### DATASET CONTENT ###
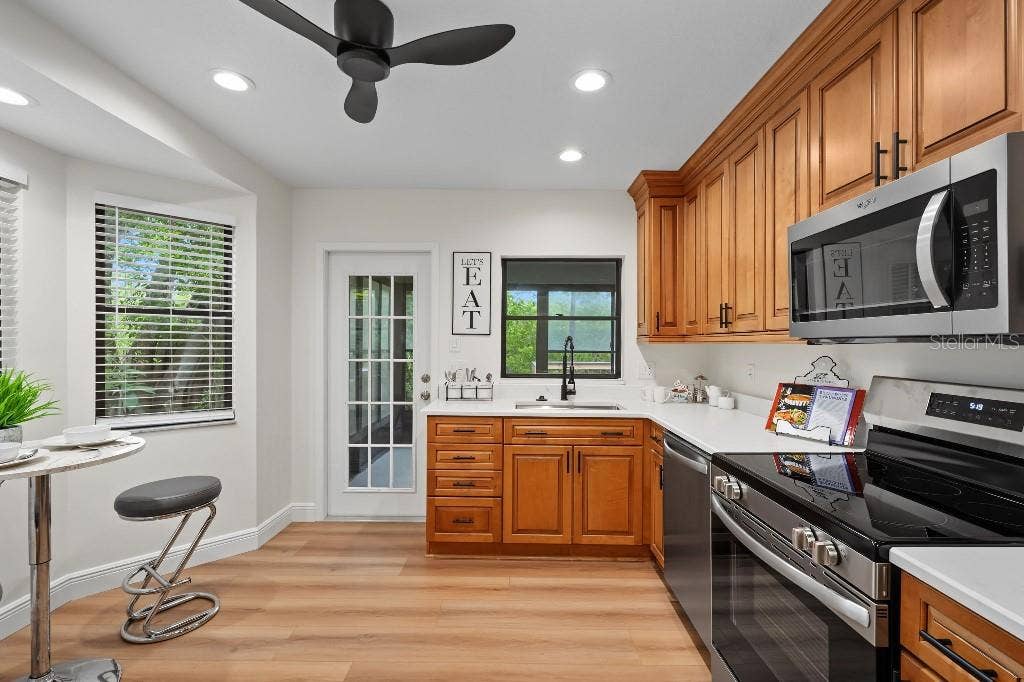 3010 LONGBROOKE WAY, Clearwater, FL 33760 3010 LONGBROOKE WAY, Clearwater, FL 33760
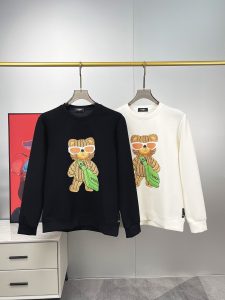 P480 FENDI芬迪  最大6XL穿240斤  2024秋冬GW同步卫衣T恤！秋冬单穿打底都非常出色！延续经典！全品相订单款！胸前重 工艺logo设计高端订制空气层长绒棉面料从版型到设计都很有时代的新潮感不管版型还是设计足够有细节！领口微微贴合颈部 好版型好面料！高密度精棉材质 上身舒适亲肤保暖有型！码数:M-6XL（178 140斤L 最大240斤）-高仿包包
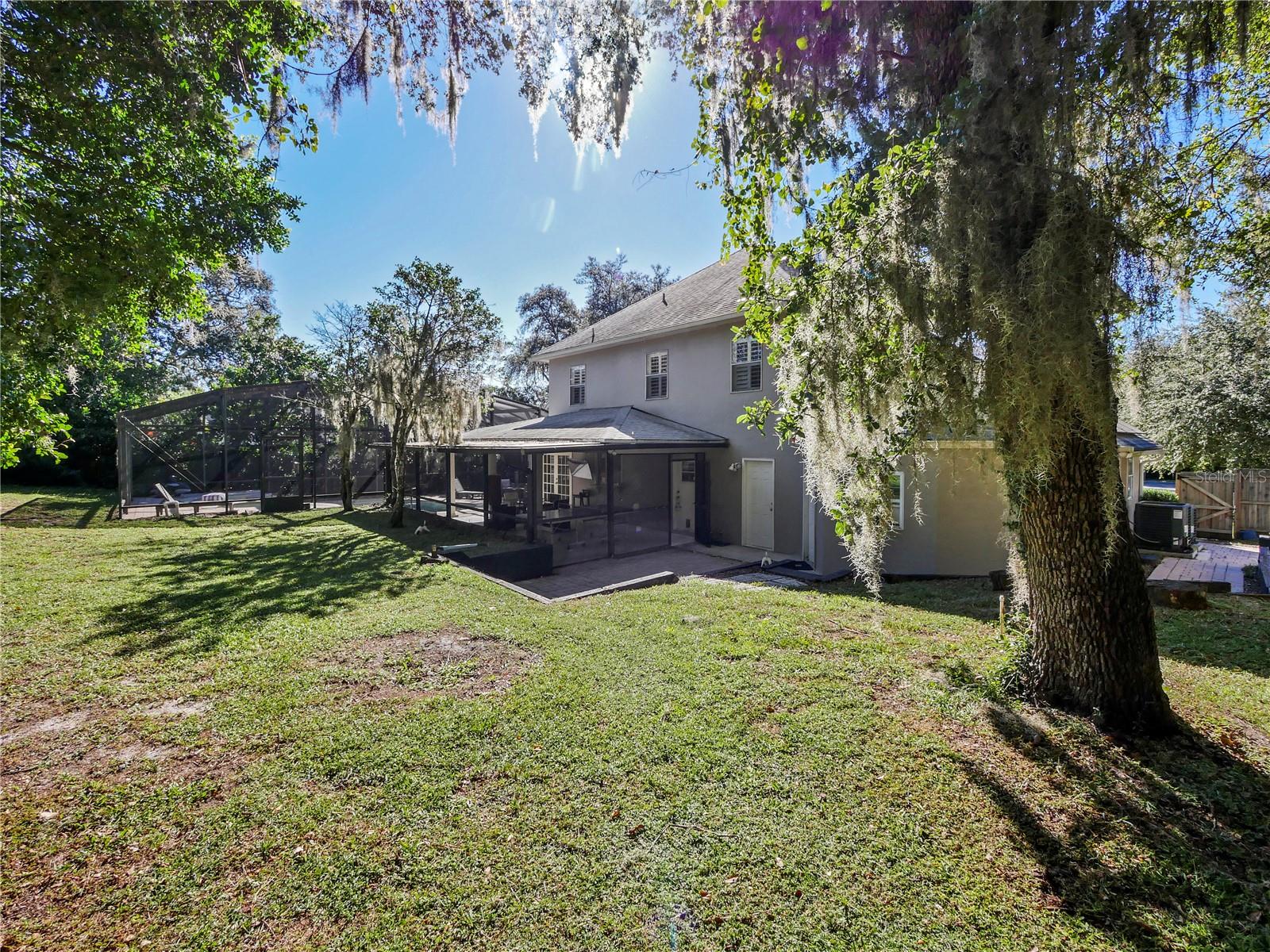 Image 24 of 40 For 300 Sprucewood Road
###
## EXERCISE AIM
In full and without any pictures, print the listing above exactly.

## ANSWER AREA
 3010 LONGBROOKE WAY, Clearwater, FL 33760 3010 LONGBROOKE WAY, Clearwater, FL 33760
 P480 FENDI芬迪  最大6XL穿240斤  2024秋冬GW同步卫衣T恤！秋冬单穿打底都非常出色！延续经典！全品相订单款！胸前重 工艺logo设计高端订制空气层长绒棉面料从版型到设计都很有时代的新潮感不管版型还是设计足够有细节！领口微微贴合颈部 好版型好面料！高密度精棉材质 上身舒适亲肤保暖有型！码数:M-6XL（178 140斤L 最大240斤）-高仿包包
 Image 24 of 40 For 300 Sprucewood Road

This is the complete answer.